§ REQUIRED ACTION: The entries below hold a line with "Toyota Belta 2012 5" and a line with "Vintage CHANEL cross". Return those lines and all that lie between them, exactly and only.

*** SOURCE DATA ***

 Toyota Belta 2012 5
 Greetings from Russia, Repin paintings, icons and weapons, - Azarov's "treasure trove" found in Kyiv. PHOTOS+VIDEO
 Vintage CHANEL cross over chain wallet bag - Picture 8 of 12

*** End of SOURCE DATA ***
*** SOURCE DATA ***

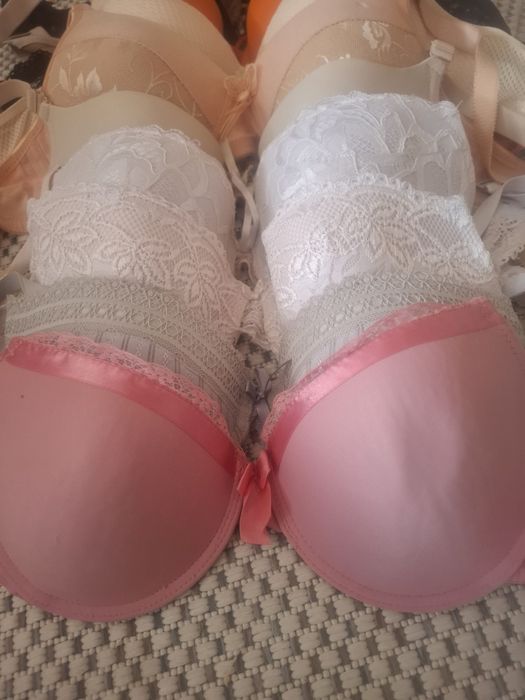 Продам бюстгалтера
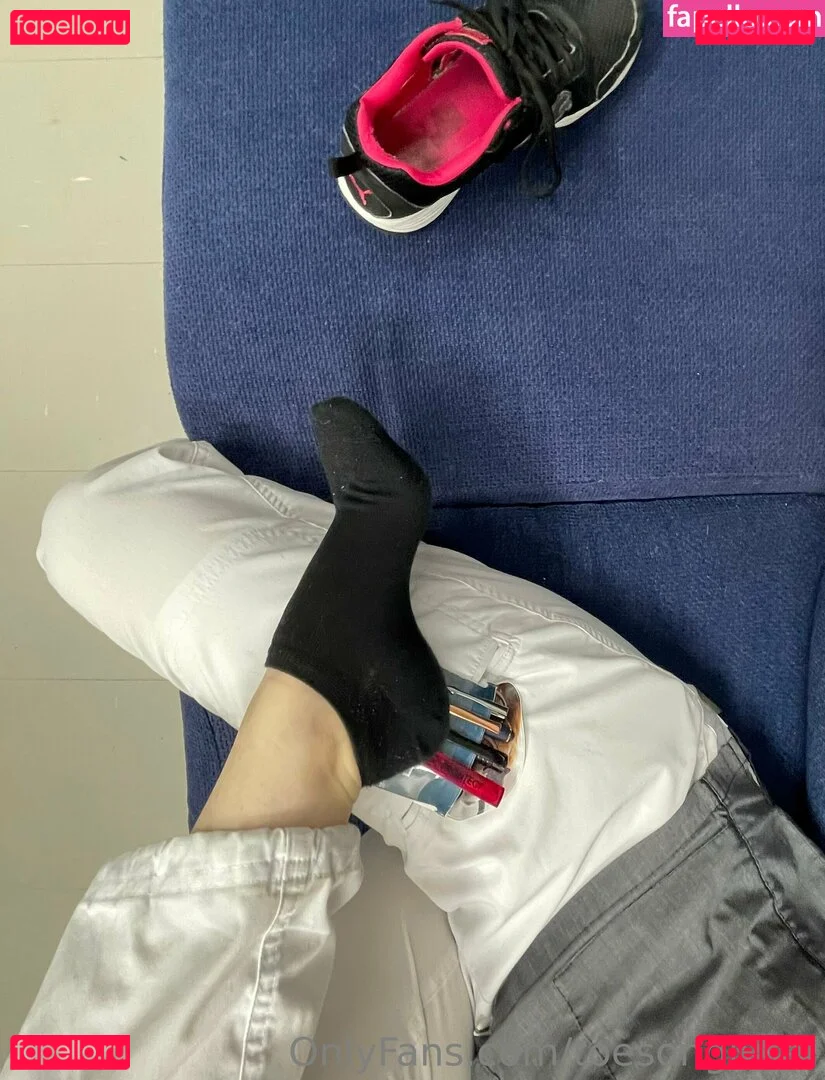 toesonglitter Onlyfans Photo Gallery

*** End of SOURCE DATA ***

§ ANSWER TO THIS EXERCISE:
 Toyota Belta 2012 5
 Greetings from Russia, Repin paintings, icons and weapons, - Azarov's "treasure trove" found in Kyiv. PHOTOS+VIDEO
 Vintage CHANEL cross over chain wallet bag - Picture 8 of 12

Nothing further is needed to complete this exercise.